**EXERCISE DATA:**

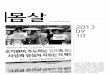다산인권센터 회원소식지 [몸살] 2013년 9, 10월호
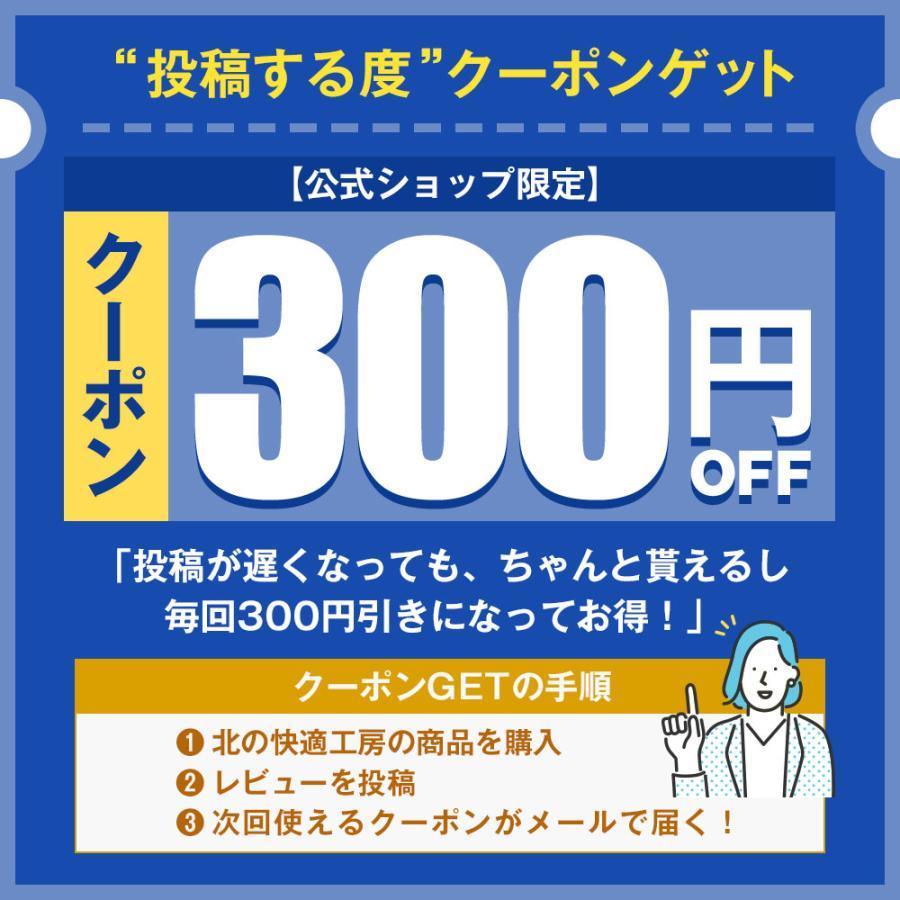 北の快適工房 【お得セット】『アイキララII』+『メンズアイキララ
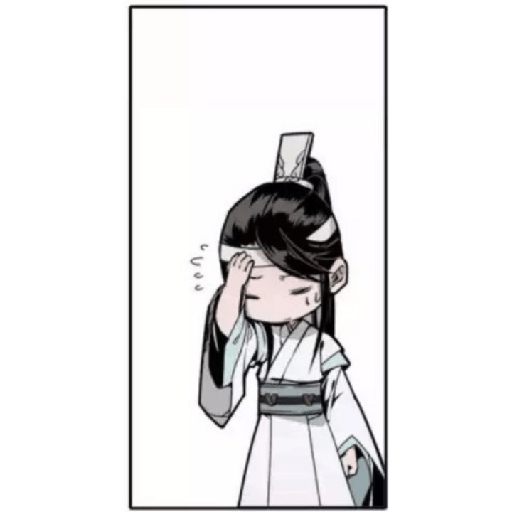 MDZS~1 4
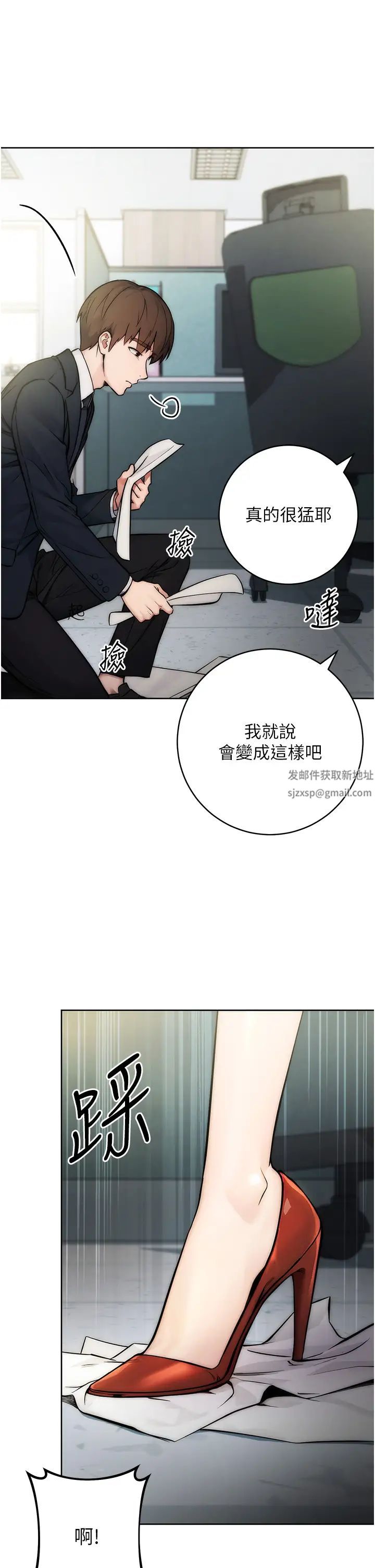 第4頁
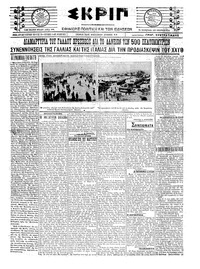 Σκριπ 11/04/1921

**PROBLEM:** From the first line to the last, transcribe the listing exactly; skip the pictures.

**TASK RESULT:**
다산인권센터 회원소식지 [몸살] 2013년 9, 10월호
 北の快適工房 【お得セット】『アイキララII』+『メンズアイキララ
 MDZS~1 4
 第4頁
 Σκριπ 11/04/1921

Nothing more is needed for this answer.